Russian plane lost in Siberia found, all passengers alive
A Sukhoi Superjet 100 airplane maneuvers during the Moscow International Air-Space show MAKS 2009 in Jhukovsky, Russia, Aug. 18, 2009. (EPA File Photo)


Russia’s emergency officials said they have found the plane that had gone missing in Siberia, and all of its 19 passengers and crew are alive.

The Emergencies Ministry previously said the An-28 plane disappeared in the Tomsk region in western Siberia on Friday. It said the plane made a forced landing after one of its two engines failed.

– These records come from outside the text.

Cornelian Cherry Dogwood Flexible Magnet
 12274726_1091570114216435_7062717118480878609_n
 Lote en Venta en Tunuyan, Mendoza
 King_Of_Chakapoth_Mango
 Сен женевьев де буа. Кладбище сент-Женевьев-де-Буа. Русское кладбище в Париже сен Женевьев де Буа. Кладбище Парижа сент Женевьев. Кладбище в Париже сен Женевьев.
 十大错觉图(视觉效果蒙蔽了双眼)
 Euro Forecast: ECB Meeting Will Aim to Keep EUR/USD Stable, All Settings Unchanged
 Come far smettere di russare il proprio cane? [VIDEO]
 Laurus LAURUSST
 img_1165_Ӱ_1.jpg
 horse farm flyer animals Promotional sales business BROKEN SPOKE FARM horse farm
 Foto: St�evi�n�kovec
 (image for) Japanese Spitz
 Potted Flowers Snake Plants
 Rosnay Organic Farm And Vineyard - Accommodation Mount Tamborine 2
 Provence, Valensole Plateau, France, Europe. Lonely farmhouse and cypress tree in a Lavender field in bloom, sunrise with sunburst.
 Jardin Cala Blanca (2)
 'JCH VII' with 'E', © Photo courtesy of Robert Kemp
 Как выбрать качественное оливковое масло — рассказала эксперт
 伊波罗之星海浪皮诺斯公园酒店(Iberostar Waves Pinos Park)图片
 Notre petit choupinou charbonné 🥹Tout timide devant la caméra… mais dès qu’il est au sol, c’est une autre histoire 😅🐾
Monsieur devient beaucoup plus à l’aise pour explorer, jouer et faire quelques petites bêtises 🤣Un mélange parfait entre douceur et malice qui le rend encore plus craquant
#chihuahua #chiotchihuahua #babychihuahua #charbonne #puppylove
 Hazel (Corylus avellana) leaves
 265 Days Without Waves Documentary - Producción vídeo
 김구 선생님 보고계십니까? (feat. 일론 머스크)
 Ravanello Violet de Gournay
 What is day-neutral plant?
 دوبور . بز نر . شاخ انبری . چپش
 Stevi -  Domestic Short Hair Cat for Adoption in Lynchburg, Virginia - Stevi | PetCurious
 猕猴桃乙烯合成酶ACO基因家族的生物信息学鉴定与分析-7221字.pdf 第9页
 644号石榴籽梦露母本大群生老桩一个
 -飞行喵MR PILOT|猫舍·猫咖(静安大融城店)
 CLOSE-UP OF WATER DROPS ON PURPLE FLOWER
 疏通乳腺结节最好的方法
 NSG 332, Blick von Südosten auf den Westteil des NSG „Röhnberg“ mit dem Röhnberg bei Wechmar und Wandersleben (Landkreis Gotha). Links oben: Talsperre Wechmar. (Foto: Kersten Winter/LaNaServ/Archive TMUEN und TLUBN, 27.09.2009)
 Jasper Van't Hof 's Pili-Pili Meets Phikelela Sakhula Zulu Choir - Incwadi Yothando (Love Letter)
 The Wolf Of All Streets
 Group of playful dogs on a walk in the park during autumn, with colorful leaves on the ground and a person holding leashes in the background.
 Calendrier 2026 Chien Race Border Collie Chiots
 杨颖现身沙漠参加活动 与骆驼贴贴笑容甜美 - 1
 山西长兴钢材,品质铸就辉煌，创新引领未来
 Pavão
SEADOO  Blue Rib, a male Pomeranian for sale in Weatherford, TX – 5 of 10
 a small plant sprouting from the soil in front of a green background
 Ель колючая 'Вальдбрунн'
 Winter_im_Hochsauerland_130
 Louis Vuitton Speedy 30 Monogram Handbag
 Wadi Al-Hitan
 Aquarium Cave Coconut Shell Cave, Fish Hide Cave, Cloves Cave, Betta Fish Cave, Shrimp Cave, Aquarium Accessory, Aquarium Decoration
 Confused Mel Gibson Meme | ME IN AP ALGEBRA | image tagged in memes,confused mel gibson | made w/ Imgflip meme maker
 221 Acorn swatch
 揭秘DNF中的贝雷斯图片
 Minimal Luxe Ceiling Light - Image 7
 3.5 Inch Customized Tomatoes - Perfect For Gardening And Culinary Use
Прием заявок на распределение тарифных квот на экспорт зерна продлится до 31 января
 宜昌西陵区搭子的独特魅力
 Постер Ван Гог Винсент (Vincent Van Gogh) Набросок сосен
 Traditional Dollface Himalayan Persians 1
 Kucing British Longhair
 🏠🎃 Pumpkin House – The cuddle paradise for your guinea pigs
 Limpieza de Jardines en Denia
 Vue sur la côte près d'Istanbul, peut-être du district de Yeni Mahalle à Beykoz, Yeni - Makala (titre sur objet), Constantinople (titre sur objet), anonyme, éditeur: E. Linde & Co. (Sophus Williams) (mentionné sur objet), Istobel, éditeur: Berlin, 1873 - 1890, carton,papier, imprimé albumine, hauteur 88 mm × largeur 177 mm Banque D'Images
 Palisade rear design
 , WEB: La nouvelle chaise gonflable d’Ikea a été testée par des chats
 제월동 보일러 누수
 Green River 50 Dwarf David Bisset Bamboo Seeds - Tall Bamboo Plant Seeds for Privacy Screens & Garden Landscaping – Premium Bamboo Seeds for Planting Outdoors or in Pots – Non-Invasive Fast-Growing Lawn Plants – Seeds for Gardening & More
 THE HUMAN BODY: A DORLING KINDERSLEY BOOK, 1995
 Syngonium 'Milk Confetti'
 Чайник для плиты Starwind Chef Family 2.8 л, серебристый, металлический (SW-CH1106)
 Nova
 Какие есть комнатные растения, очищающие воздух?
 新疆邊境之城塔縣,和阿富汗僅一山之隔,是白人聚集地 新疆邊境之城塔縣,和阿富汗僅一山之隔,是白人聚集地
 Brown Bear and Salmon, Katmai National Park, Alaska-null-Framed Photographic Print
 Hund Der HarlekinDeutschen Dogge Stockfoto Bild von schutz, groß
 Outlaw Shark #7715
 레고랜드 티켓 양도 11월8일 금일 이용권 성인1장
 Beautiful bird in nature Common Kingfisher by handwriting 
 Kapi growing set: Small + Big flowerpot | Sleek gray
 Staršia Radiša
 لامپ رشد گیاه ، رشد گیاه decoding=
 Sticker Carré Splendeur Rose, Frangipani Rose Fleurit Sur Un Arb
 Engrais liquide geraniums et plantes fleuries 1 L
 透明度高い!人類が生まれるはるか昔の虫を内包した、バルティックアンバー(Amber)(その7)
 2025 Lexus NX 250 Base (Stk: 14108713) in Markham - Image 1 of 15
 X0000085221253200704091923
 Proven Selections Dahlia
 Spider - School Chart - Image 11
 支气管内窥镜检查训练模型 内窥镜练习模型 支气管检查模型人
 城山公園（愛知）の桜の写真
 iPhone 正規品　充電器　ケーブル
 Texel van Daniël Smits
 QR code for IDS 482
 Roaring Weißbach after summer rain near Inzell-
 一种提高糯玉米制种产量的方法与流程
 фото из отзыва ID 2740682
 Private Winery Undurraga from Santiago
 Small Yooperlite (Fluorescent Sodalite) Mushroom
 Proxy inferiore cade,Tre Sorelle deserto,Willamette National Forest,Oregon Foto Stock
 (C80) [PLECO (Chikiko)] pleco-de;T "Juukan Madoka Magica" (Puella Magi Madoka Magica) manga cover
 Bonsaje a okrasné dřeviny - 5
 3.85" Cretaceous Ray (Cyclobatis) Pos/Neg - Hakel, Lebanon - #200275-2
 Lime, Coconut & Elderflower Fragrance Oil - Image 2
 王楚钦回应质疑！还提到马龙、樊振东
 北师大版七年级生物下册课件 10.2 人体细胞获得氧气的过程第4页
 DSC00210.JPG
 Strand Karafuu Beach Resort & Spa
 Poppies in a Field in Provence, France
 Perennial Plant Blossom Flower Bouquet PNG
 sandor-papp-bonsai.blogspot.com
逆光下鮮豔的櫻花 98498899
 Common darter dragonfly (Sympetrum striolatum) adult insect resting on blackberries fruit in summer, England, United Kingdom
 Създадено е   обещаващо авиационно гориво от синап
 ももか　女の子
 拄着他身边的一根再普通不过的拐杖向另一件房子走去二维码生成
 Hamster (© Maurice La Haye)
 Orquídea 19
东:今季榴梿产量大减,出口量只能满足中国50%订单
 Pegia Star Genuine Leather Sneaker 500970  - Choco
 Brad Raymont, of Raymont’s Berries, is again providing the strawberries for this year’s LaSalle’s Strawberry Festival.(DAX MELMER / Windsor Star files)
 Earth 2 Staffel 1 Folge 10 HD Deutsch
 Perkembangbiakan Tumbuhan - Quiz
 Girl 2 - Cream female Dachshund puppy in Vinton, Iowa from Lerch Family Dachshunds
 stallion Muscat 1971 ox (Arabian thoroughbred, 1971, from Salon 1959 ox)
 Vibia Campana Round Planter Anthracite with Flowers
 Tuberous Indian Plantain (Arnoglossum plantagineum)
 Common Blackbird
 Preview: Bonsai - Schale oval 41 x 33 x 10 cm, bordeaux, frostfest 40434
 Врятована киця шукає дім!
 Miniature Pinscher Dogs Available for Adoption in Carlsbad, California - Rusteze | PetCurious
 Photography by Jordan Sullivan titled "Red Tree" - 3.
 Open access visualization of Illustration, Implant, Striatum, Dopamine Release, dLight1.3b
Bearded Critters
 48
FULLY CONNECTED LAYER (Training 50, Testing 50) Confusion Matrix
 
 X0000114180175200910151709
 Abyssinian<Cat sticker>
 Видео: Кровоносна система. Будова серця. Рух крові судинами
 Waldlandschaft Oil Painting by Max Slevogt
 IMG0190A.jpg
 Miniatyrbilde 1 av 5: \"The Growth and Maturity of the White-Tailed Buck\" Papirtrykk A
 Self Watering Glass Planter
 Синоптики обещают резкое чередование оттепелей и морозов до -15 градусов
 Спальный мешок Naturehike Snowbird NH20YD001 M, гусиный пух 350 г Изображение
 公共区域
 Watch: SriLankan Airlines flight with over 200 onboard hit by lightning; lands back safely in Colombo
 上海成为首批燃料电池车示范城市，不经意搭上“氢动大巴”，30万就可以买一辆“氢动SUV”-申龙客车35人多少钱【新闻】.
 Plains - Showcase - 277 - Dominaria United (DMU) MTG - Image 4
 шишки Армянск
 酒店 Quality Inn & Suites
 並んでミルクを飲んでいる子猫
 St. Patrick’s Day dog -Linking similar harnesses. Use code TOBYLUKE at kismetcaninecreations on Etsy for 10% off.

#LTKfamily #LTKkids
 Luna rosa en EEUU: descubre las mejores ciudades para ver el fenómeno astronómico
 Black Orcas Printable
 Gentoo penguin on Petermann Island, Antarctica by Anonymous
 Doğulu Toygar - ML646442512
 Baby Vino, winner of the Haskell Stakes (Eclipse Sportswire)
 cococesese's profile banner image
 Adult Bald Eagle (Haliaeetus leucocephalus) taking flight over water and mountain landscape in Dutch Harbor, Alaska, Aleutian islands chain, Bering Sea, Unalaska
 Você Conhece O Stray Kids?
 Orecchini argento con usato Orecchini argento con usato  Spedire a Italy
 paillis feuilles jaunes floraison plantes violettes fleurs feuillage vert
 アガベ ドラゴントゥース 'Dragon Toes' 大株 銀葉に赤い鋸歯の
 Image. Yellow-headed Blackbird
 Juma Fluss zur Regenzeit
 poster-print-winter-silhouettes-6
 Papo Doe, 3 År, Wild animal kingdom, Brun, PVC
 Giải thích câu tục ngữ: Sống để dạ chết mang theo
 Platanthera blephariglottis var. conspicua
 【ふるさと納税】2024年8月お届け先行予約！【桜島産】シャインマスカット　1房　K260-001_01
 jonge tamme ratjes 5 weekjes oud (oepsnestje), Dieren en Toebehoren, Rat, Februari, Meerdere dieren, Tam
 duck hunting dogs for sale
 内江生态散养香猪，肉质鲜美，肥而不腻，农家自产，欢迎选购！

Earlier the Interfax and Tass news agencies said there were 13 people on board, while the RIA news agency said there were 17. According to Interfax, there were four children among the passengers.

The An-28 is a small short-range, Soviet-designed turboprop used by many small carriers across Russia and some other countries. The plane belongs to the local Sila airline and was flying from the town of Kedrovoye to the city of Tomsk.

The reports come less than two weeks after a similar aircraft, an Antonov An-26, crashed into a cliff amid poor visibility conditions on the remote Kamchatka Peninsula in Russia's far east, killing all 28 people on board.

An Antonov-28, the same type of plane that had gone missing over Tomsk, slammed into a Kamchatka forest in 2012 in a crash that killed 10 people. Investigators said both pilots were drunk at the time of the crash.

Russian aviation safety standards have improved in recent years but accidents, especially involving aging planes in far-flung regions, are not uncommon.